BRIEF
Locate the line bearing "Bump_cloud's tweet image." in the material below, then reproduce it and each following line up to and including the line bearing "Warisan Indah Homestay Klia 2 Kota Warisan".

========

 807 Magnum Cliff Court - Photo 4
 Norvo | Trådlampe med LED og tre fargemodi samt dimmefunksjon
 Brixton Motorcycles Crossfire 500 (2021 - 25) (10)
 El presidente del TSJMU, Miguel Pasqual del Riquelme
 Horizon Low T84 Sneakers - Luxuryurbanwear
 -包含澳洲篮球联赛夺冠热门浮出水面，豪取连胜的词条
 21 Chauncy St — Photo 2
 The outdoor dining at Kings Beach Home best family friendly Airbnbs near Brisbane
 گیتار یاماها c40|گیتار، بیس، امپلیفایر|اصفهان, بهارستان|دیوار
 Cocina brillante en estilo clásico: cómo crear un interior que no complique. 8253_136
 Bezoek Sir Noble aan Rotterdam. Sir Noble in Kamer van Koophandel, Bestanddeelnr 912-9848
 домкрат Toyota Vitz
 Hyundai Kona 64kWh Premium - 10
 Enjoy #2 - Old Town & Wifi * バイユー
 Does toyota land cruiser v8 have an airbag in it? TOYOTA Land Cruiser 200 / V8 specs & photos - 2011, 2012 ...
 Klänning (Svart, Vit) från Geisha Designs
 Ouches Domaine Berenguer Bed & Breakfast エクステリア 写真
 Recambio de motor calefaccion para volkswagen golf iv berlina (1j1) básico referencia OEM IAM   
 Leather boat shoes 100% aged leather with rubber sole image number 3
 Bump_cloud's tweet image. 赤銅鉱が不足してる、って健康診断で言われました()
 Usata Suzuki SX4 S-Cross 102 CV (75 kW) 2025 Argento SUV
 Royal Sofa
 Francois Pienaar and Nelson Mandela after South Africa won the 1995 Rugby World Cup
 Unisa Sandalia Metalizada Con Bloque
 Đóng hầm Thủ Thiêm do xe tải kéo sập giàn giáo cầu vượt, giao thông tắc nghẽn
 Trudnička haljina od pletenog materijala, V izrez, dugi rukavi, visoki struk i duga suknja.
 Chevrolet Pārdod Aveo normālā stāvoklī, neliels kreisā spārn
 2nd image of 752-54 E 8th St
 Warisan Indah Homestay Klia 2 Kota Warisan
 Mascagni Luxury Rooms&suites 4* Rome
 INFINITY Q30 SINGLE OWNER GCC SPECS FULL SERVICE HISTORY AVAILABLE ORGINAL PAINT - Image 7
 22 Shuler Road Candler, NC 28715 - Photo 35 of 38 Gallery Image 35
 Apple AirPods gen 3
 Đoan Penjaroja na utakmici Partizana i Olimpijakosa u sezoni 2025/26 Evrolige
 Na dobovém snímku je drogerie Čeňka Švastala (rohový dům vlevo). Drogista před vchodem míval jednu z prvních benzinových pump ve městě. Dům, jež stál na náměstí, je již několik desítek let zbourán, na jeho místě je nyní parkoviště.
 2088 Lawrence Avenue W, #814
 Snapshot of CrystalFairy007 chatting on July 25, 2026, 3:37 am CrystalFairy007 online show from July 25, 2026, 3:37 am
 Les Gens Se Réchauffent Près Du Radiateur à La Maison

========

ANSWER BOX
 Bump_cloud's tweet image. 赤銅鉱が不足してる、って健康診断で言われました()
 Usata Suzuki SX4 S-Cross 102 CV (75 kW) 2025 Argento SUV
 Royal Sofa
 Francois Pienaar and Nelson Mandela after South Africa won the 1995 Rugby World Cup
 Unisa Sandalia Metalizada Con Bloque
 Đóng hầm Thủ Thiêm do xe tải kéo sập giàn giáo cầu vượt, giao thông tắc nghẽn
 Trudnička haljina od pletenog materijala, V izrez, dugi rukavi, visoki struk i duga suknja.
 Chevrolet Pārdod Aveo normālā stāvoklī, neliels kreisā spārn
 2nd image of 752-54 E 8th St
 Warisan Indah Homestay Klia 2 Kota Warisan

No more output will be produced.